分布式编程主要是解决由于分布式而带来的一系列问题。我们希望把分布式系统看成是具有超大规模处理能力的单机系统,然而这种高层次的抽象会失去许多底层的细节,虽然便于理解,但是加大了编程的难度。所以分布式的抽象主要是在“实现”和“理解”之间取得一个平衡。抽象层次越高,理解起来越简单,实现起来越困难,事实上,这是一个贯穿于整个计算机系统各个子领域的权衡问题,没有通用的最优解,只有针对具体的合适的解决方法。我们的目标旨在寻找到一个足够好的抽象模型,尽可能让编程变得简单的同时容易让人可以理解。
author:Sworduo date:Feb 26, Tue, 2019
我们上面说要在“实现”和“理解”之间寻找到一个合适的抽象,那如何定义什么是合适的抽象?
What do we mean when say X is more abstract than Y? First, that X does not introduce anything new or fundamentally different from Y. In fact, X may remove some aspects of Y or present them in a way that makes them more manageable. Second, that X is in some sense easier to grasp than Y, assuming that the things that X removed from Y are not important to the matter at hand.
简单来说,就是用尽可能少的假设来描述清楚一个东西。你用的假设越少,你基于这个假设所涉及的系统普适性更高,能处理的场景也就越多,然而随之而来的,就是编程难度的提高。

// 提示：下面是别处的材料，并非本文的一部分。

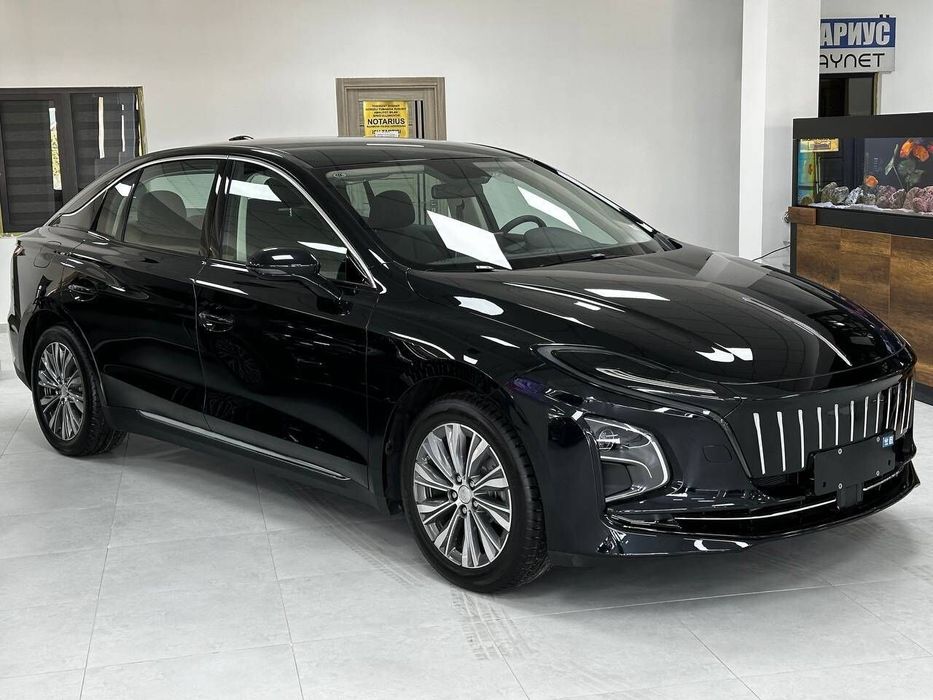 Продается Hongqi E-QM5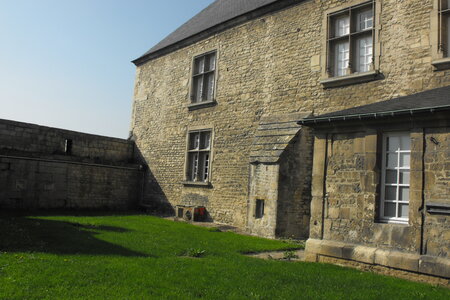 Caen, Caen  32 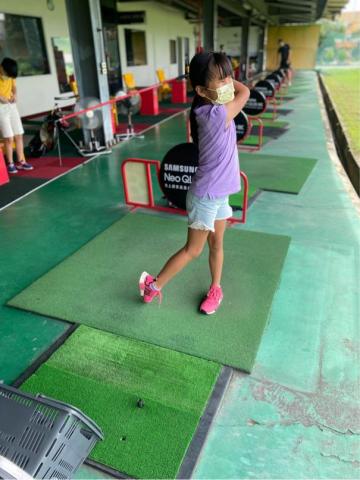 Jane’s cheerful golf - 
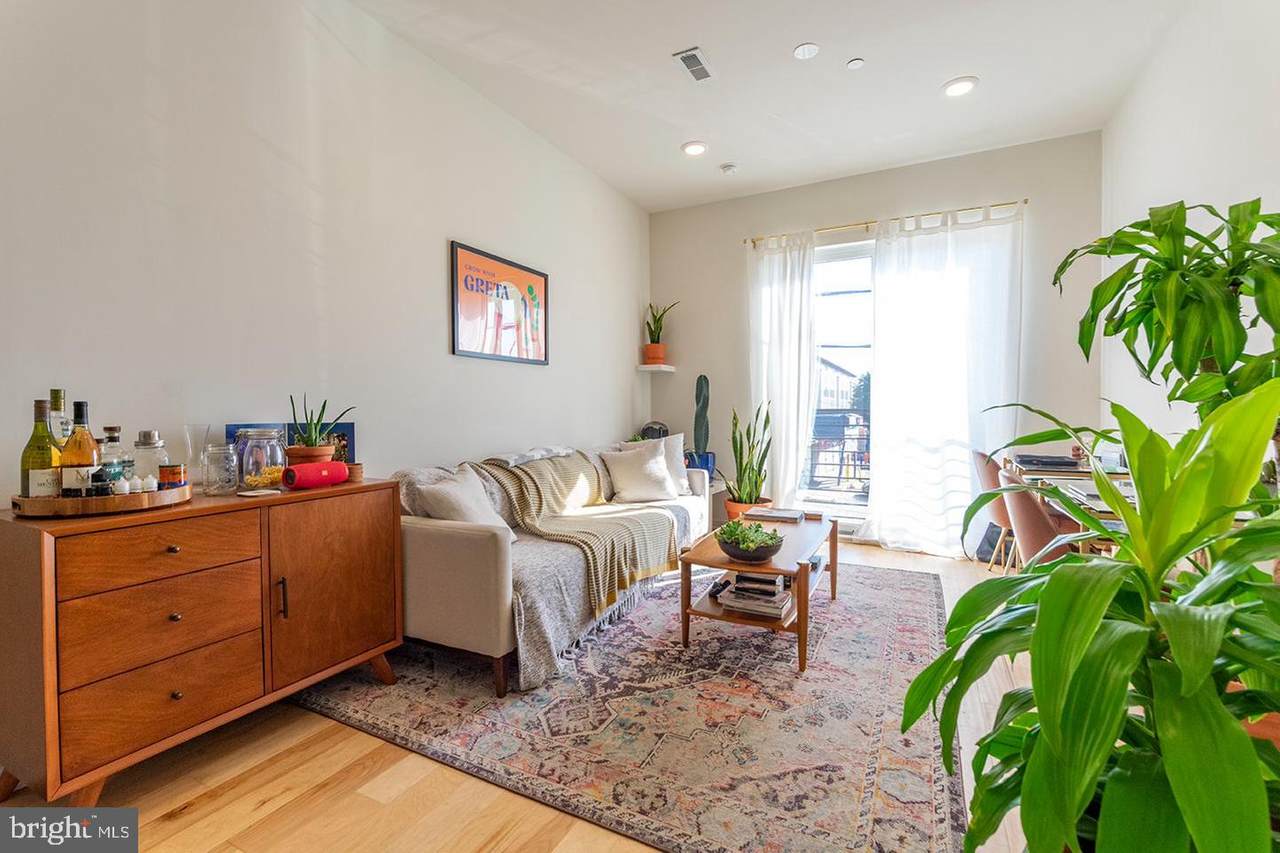 627 Girard Avenue - Photo 1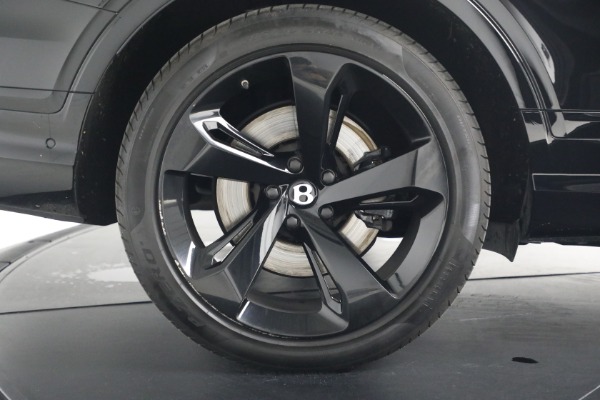 Used 2023 Bentley Bentayga EWB Azure V8 First Edition for sale $173,900 at Maserati of Greenwich in Greenwich CT 06830 16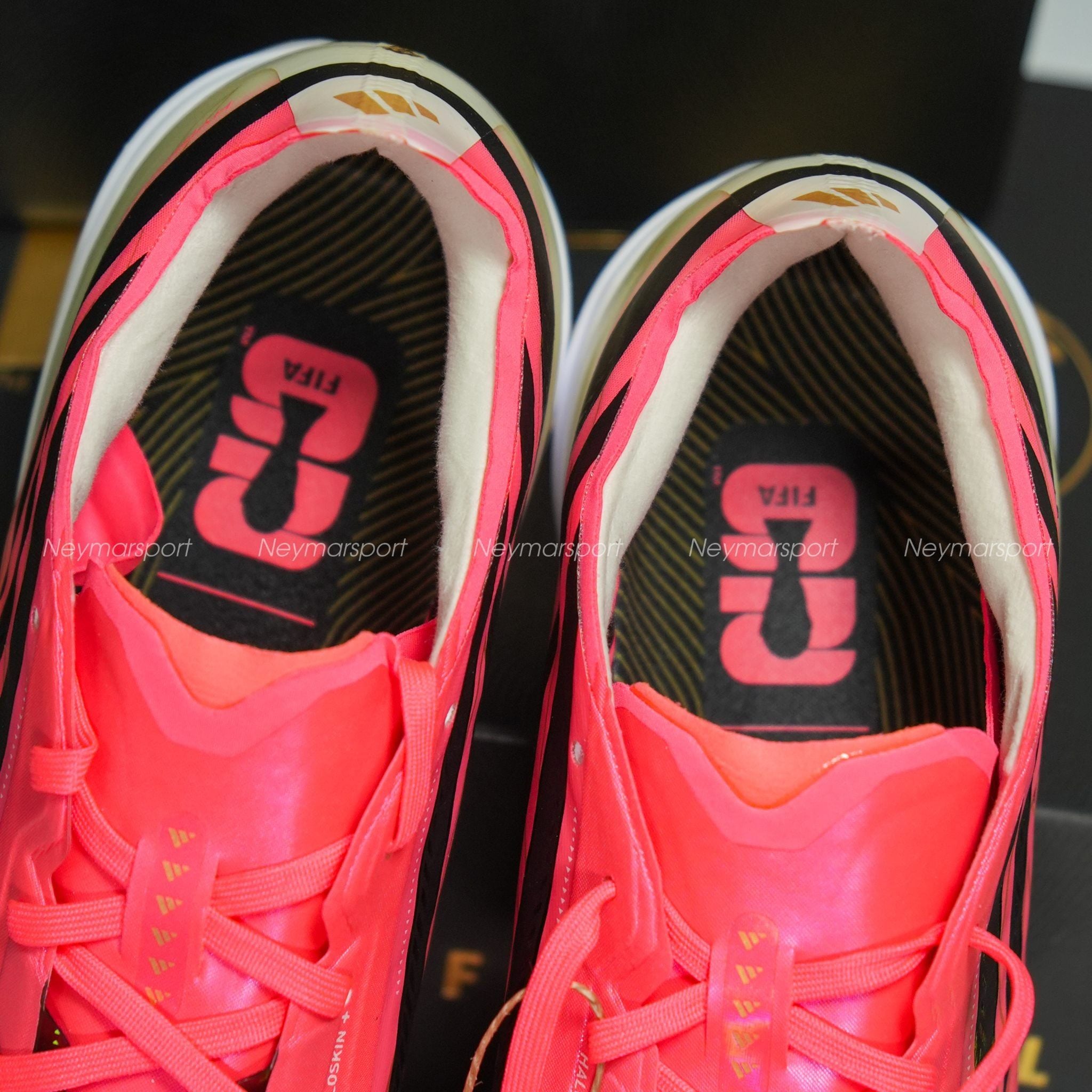 Review chi tiết mẫu giày đá bóng adidas F50 Hyperfast Pro TF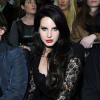 Lana Del Rey sexy au défilé Versace automne-hiver 2013-2014 de la Fashion Week de Milan, le 22 février 2013.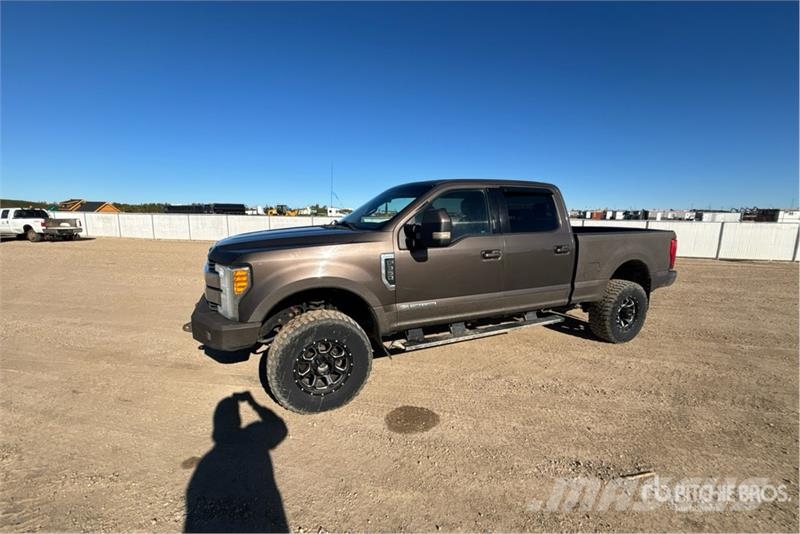 Ford F-350 Lariat 4x4 Crew Cab Pickup Diger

抽象能帮助我们从纷繁复杂的细节中提炼出问题的关键,当我们找到问题的症结时,就能设计出相应的解决方案,所以很多时候难点并不在于解决困难,而是发现问题,甚至是意识到原来这是一个问题。
这同样引出一个问题,描述清楚一个东西所需要的最少假设是多少?最简单的方法是列出所有可能的假设,然后一样一样的排除,思考当我排除掉这个假设时,剩余的假设能否清楚的描述一个东西?如果能,就舍去这个假设,如果不能,就留下这个假设。然而“最少的假设”本身就是不存在的,针对每个问题都有不同的“最少假设”,甚至针对不同时期的同一个问题,随着产品的扩大,其所需要的“最小假设”也是不断变化的,前期被舍去的假设后面可能要被重新引入,这是一个动态变化的过程。然而不管怎样变化,核心要义还是用最少的假设去完成我们想要的功能。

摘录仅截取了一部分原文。